As we noted at the time, this was an astoundingly ignorant thing to say, but of course now that Kristof helped get the law passed and put many more lives at risk, the “meh, no big deal if there are some more lawsuits or more censorship” attitude seems to be coming back to bite him.

You see, last week, Kristof weighed in on US policy in Yemen. The core of his argument was to discuss the horrific situation of Abrar Ibrahim, a 12-year-old girl who is starving in Yemen, and weighs just 28 pounds. There’s a giant photo of the emaciated Ibrahim atop the article, wearing just a diaper. It packs an emotional punch, just as intended.

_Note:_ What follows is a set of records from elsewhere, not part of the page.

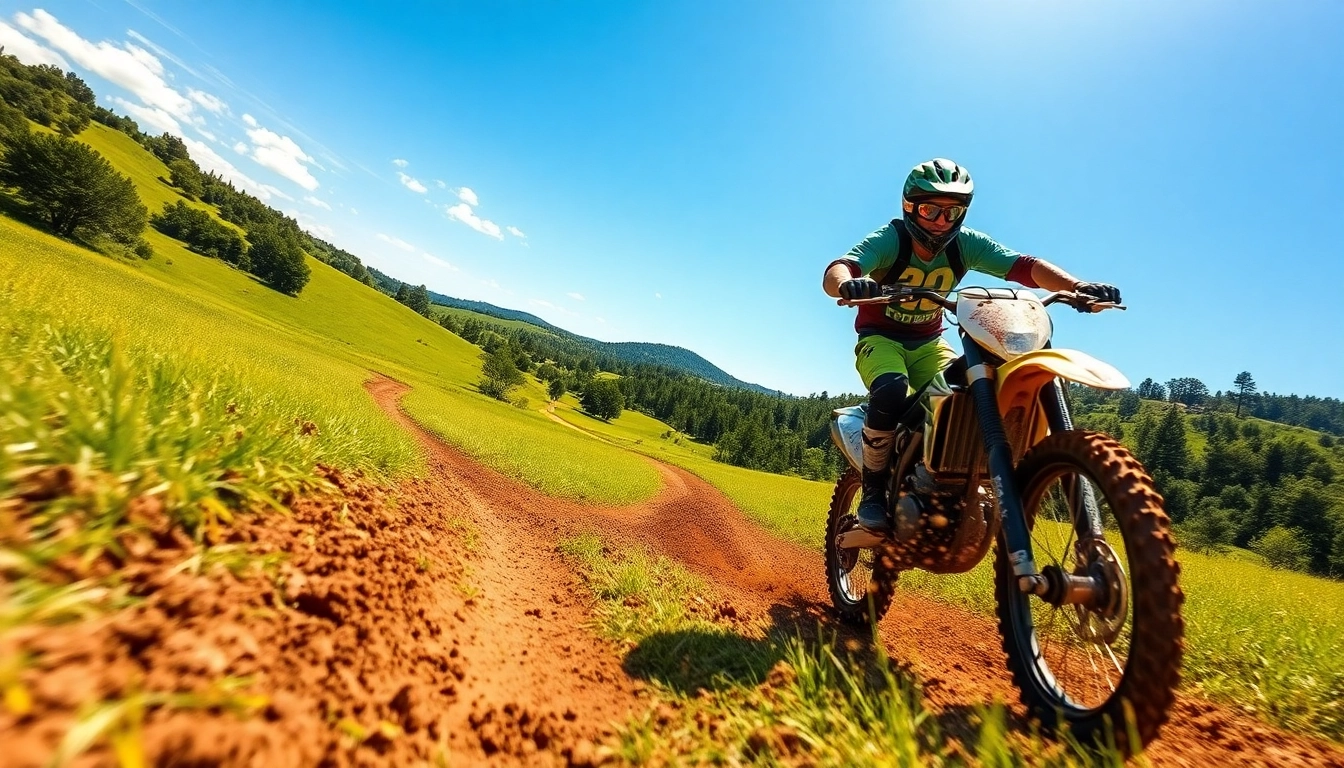 Action shot of a rider on dirtbike trails near me, navigating through lush greenery.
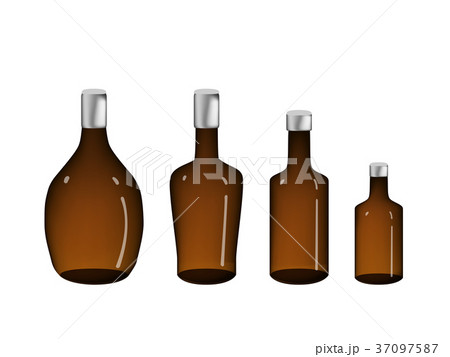 Brown Alcohol bottle isolated on white, vector 37097587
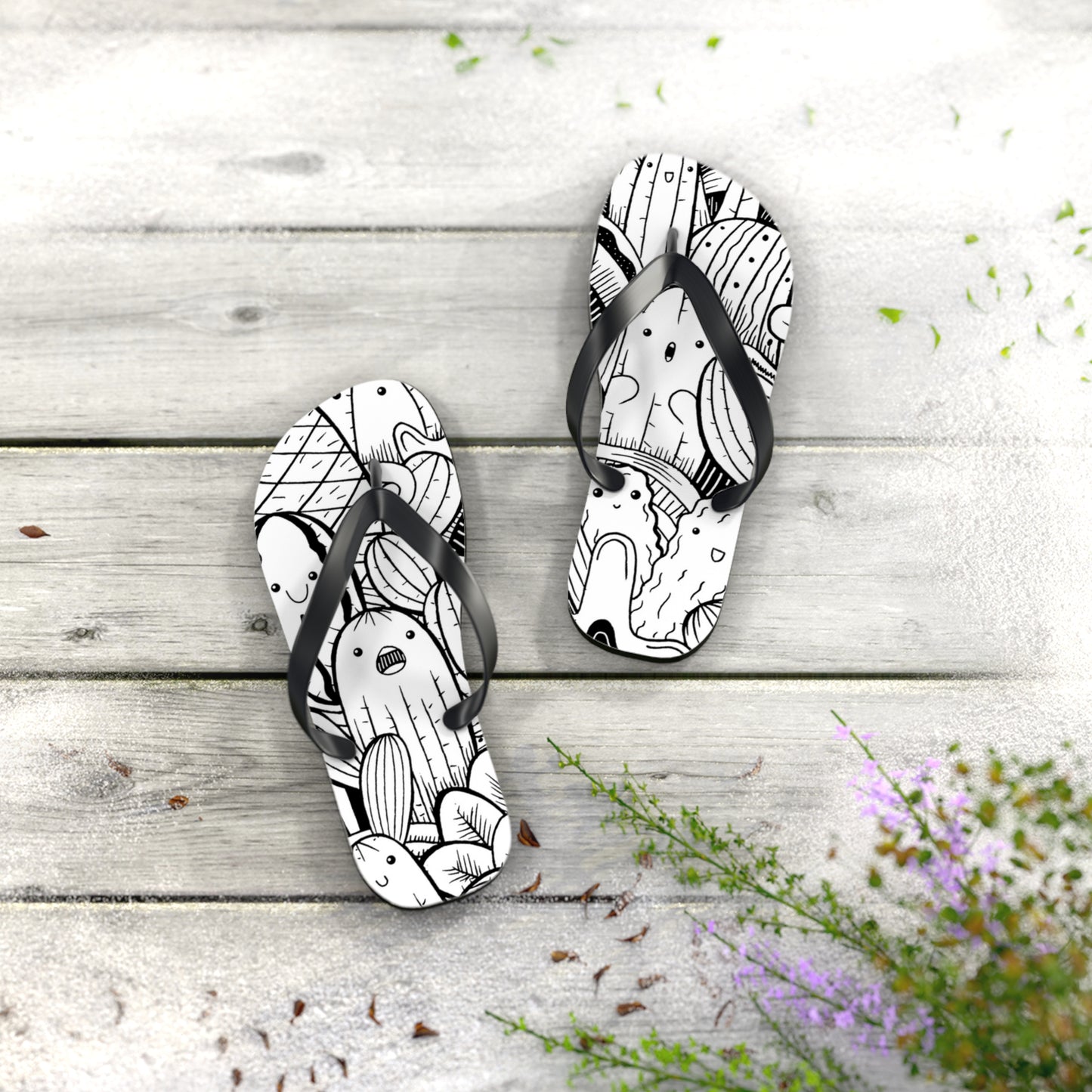 Doodle Cactus - Inovax Flip Flops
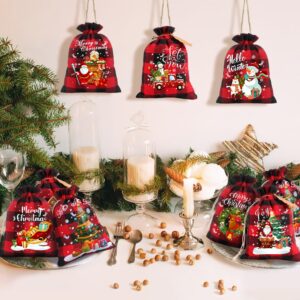 24PCS Small Burlap Bags, 5x7in Christmas Drawstring Treat Bags Xmas Red Plaid Linen Gift Bags Reusable Candy Goodie Wrapping Bags for Holiday Party Favors Supplies (8 Designs)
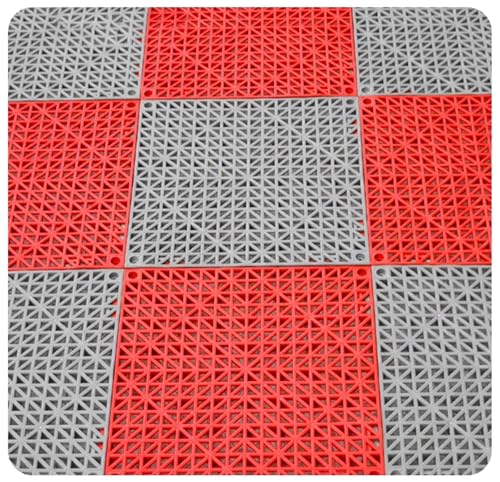 Ineinandergreifende Garagenbodenfliesen, PVC-Modulmatten, rutschfest und selbstentleerend, für Garage/Autowäsche/Werkstatt, abnehmbare Bodenfliesen, 30 x 30 x 1,5 cm, Grau + Rot, 48 Stück Ineinandergreifende Garagenbodenfliesen, PVC-Modulmatten, rutschfest und selbstentleerend, für Garage/Autowäsche/Werkstatt, abnehmbare Bodenfliesen, 30 x 30 x 1,5 cm, Grau + Rot, 48 Stück von FLFLF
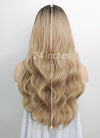 Blonde With Dark Roots Wavy Synthetic Wig NS055 - Wig Is Fashion Australia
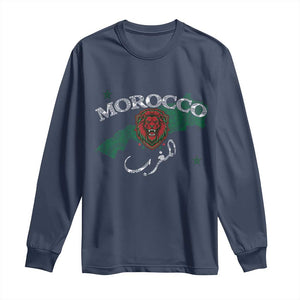 Morocco Lion Maghrib Moroccan Spirit Heritage Long Sleeve Shirt TS02 Navy Print Your Wear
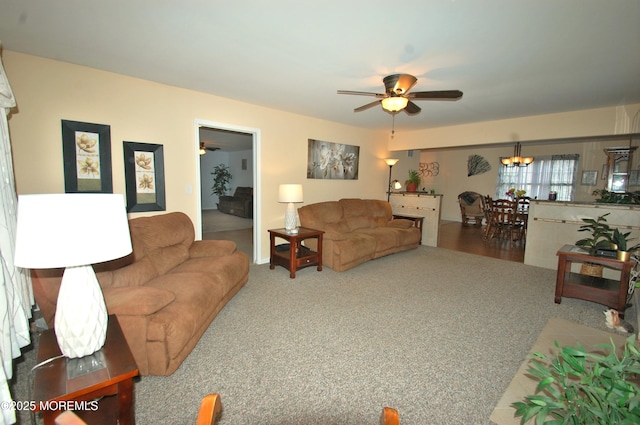 711 Edmunds Ave, Union Beach, NJ 07735 - living area featuring ceiling fan and carpet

But, it turns out that Facebook is blocking that photo of Ibrahim, claiming it is “nudity and sexual content.” And, boy, is Kristof mad about it:

Hey, Nick, you were the one who insisted that Facebook and others in Silicon Valley needed to ban “sexual content” or face criminal liability. You were the one who insisted that any collateral damage would be minor. You were the one who said there was no slippery slope.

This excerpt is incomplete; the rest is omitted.